# Pic of long TN with short body trim?



## msminnamouse (Nov 4, 2010)

I have to take Ginger down into a Miami but I'm wondering if it will look weird if I keep her top knot long enough to band. Does anyone have a picture of any close trims but with a long top knot so I can see what it may look like?


----------



## lavillerose (Feb 16, 2011)

The Ponydoodle

This is a bit of a joke website, but if you scroll to the bottom, past the "mohawked" ones, there is a Spoo in a miami with a long topknot that goes down the neck.

It looks a little weird to me, but your mileage may vary.


----------



## msminnamouse (Nov 4, 2010)

Oh my family would just love that on Ginger! Lol. You should have seen how they complained about Ginger's continental clip.

I still can't envision it, I guess I'll just end up seeing how it looks.


----------



## pudlemom (Apr 16, 2010)

This is a picture of Kate in her first Miami with TK left untouched and my daughters dog Emily also in a Miami with the TK banded. Hope this helps, I personally like a a long TK and keep all my dogs with big head LOL...


----------



## Feathersprings (Jul 15, 2010)

They both look great like that.. i was surprised.. I thought it would have to look very unbalanced but it doesnt! How is the back of the head trimmed ? Is it rounded and blended in or left long also?


----------



## pudlemom (Apr 16, 2010)

Now mind you I am not a professional so this is a amateur job, but I would say it's rounded and blended here is what Emily looks like from the side.


----------



## faerie (Mar 27, 2010)

temperance last fall about 10 months old. took her down to 3/8 inch

my little pony poodle by faerie made, on Flickr

11 months

no words. by faerie made, on Flickr

i think it's super cute.


----------



## Feathersprings (Jul 15, 2010)

That is sort of what I thought it would look like . Thank you for the picture! You do a nice job! 
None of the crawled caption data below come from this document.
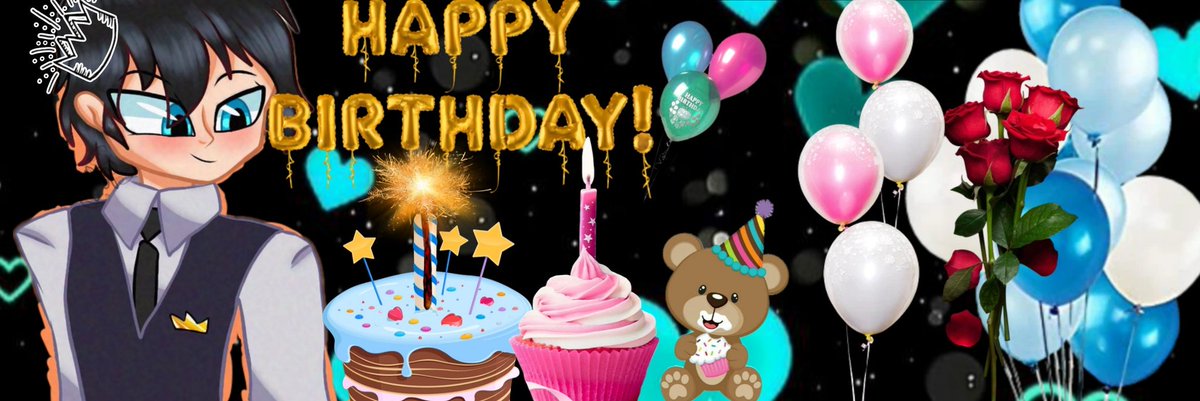 ankokoshi937's tweet photo. #CafeDay
#TrolliDay
Ya hice ya un banner y una foto de perfil pongan @Rafadiamantito8 @blabi_star @EvelynM05qu3da
@BuitimeaAl67183
@ElTrollino https://t.co/ESp39gSvBX
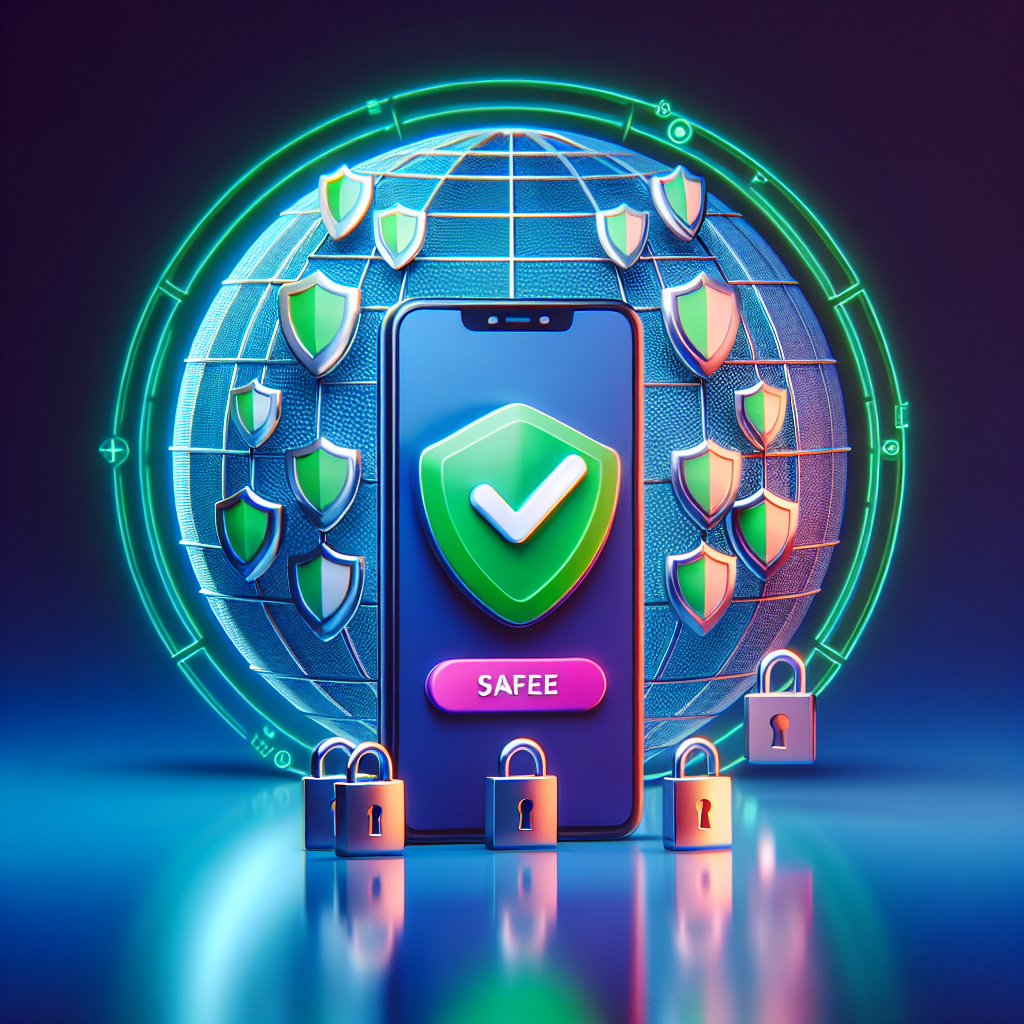 Top Sources to Download Mobile Legend APK Safely and Easily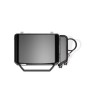 Σίδερο Weber® SLATE GP Premium 56 cm
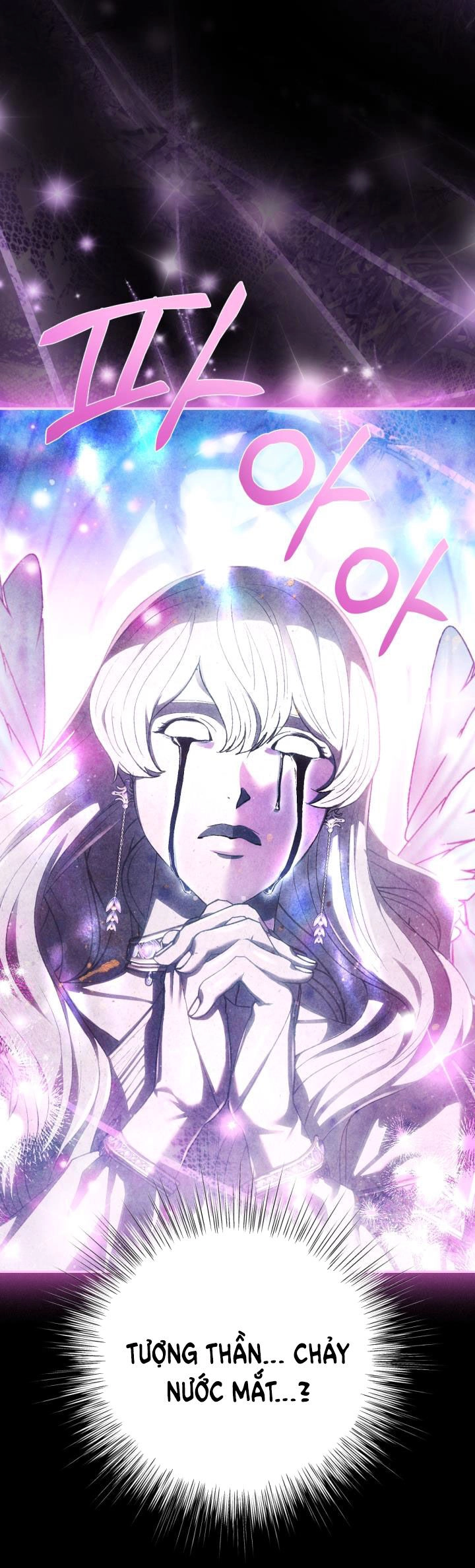 Cha Ơi Con Không Muốn Kết Hôn Đâu Chapter 113.1 - 27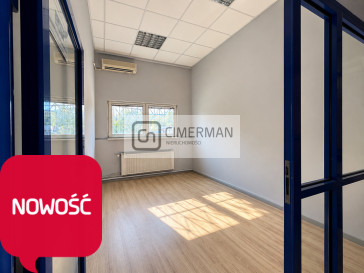Obiekt Wynajem Wrocław Psie Pole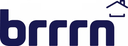 Brrrn logo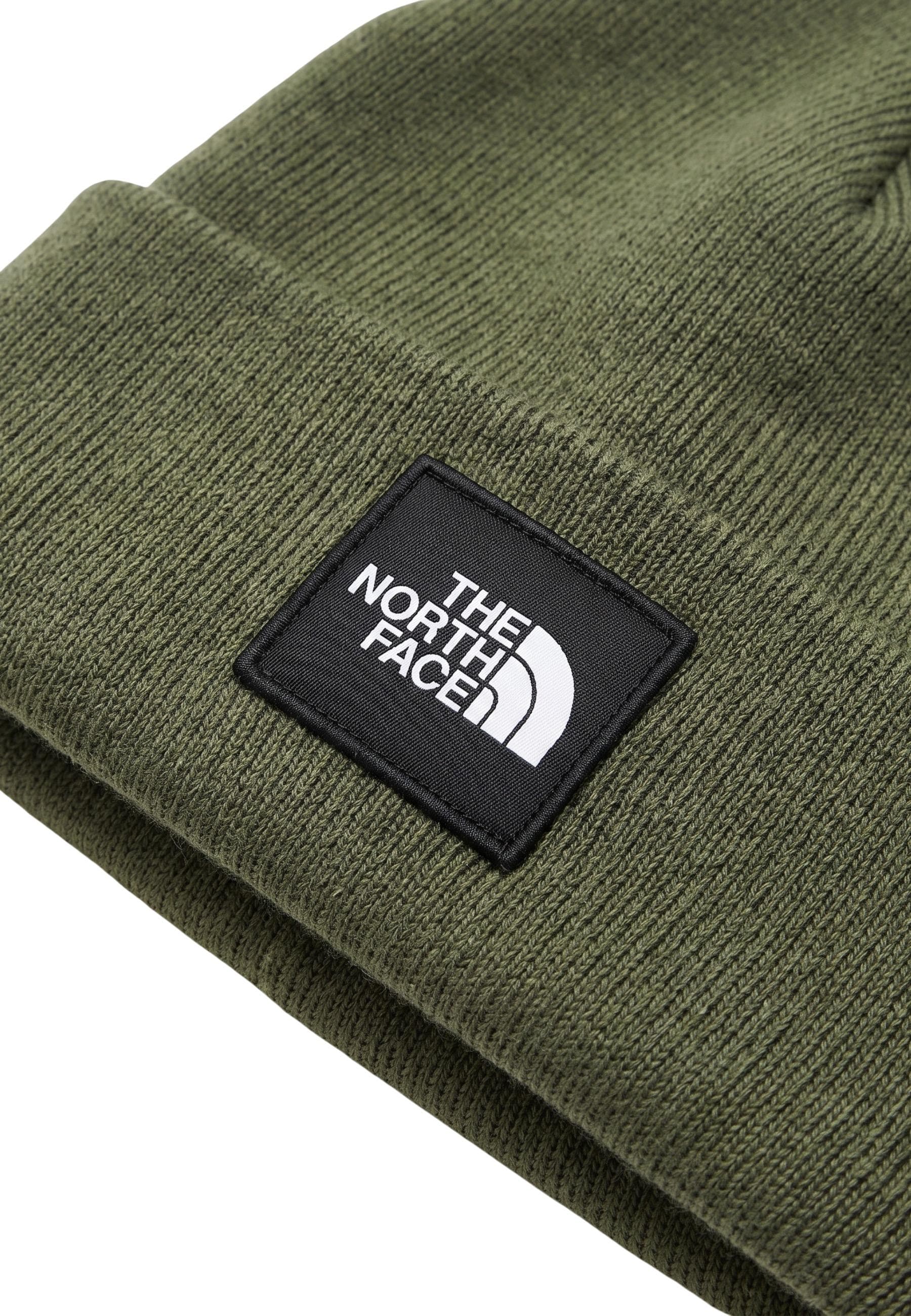 The North Face Men Cap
I love Temperance and her wild hair  She looks good no matter what you do to her. I cant wait to see her cords.. I really would love to do that to Hoolie!! Im sorta chicken though lOL!


----------



## msminnamouse (Nov 4, 2010)

I love it! Thanks! I'm really looking forward to putting clips, barrettes and ribbons in Gingy's hair!


----------



## faerie (Mar 27, 2010)

feathersprings, that is temperance last fall! i had her in a short hcc, then took her down way short because her poms where so long and matted and i just couldn't deal! 

right now i have her in my version of a hcc. (which i am sure groomers will cringe when they see it tee hee)
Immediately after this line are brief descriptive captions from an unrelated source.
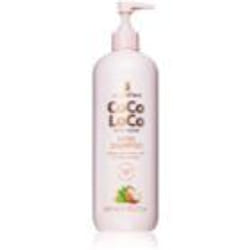Lee Stafford CoCo LoCo Agave 250 ml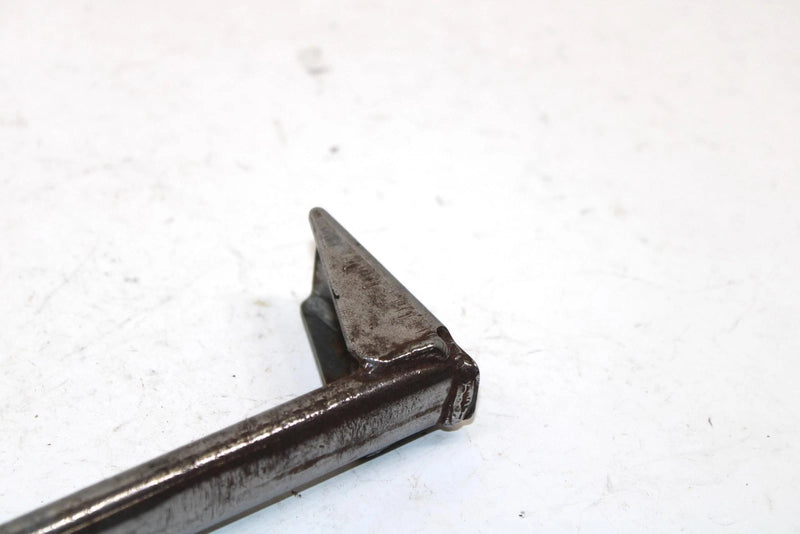 1988 Yamaha Bravo Oem Suspension Bracket 8R4-47418-00-00 SY72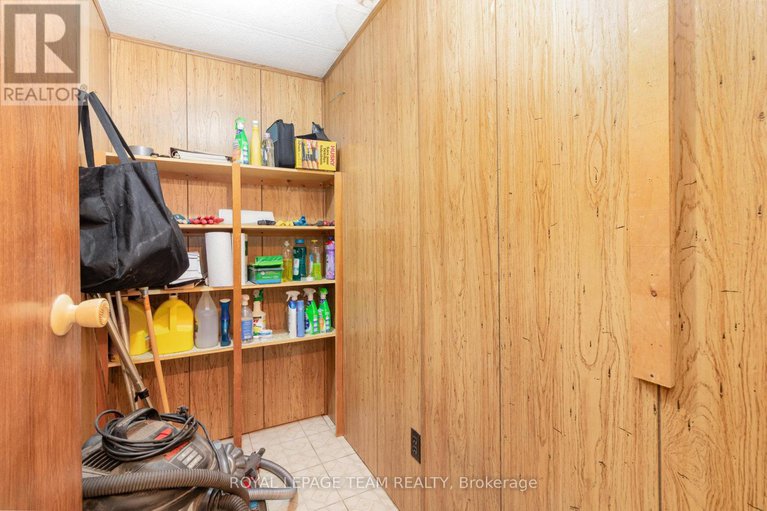 29016339/12121-liscumb-road/north-dundas-winchester-twp/north-dundas/ontario/K0C2K0_18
i'm planning on taking more pics of her tk today. the cords really are cominig along!

msinamouse, i love tempe's topknot. before i started cording i derived a lot of pleasure brushing and putting up in different pony tails. it's like that big barbie head when we were growing up we could style? that's what i think about when i groom her!!! hehehhe


----------



## FunkyPuppy (Jan 27, 2011)

i say just do a well-blended crest on the neck and it looks great. I know a gorgeous black spoo who gets just that look and she looks like a delicate little princess.


----------



## 3dogs (Nov 3, 2010)

I love the mane on the "ponydoodles". That is too great. But then again I love my Chinese Crested so I love the style.


----------



## msminnamouse (Nov 4, 2010)

> msinamouse, i love tempe's topknot. before i started cording i derived a lot of pleasure brushing and putting up in different pony tails. it's like that big barbie head when we were growing up we could style? that's what i think about when i groom her!!! hehehhe


I totally agree! Ginger is my living teddy bear/baby doll.


----------



## Jkline65 (Feb 23, 2011)

yes I do look in my album. I can't figure out how to add pics. When I got maggie she was shaved down and had a big macy gray fro....honestly it kinda bugged me. Some people liked it some didn't 
http://www.poodleforum.com/members/2807-jkline65-albums-maggie-picture3978-maggie-when-i-first-got-her-hair-way-too-short-imo.jpg

http://www.poodleforum.com/members/2807-jkline65-albums-maggie-picture3997-first-day-home.jpg

Both of these pics are after I had it cut down by half, but still looked off kilter to me...


----------



## Lilah+Jasper (May 13, 2010)

I love big fluffy TKs. Jazzi is currently in a miami and Lilah is in a T&C - both have unbanded big TKs. I'll try to find a recent pic...


----------



## msminnamouse (Nov 4, 2010)

I'd love to see pics when and if you find them. Ginger's TK is pretty tall, especially in contrast to her shaved face!


----------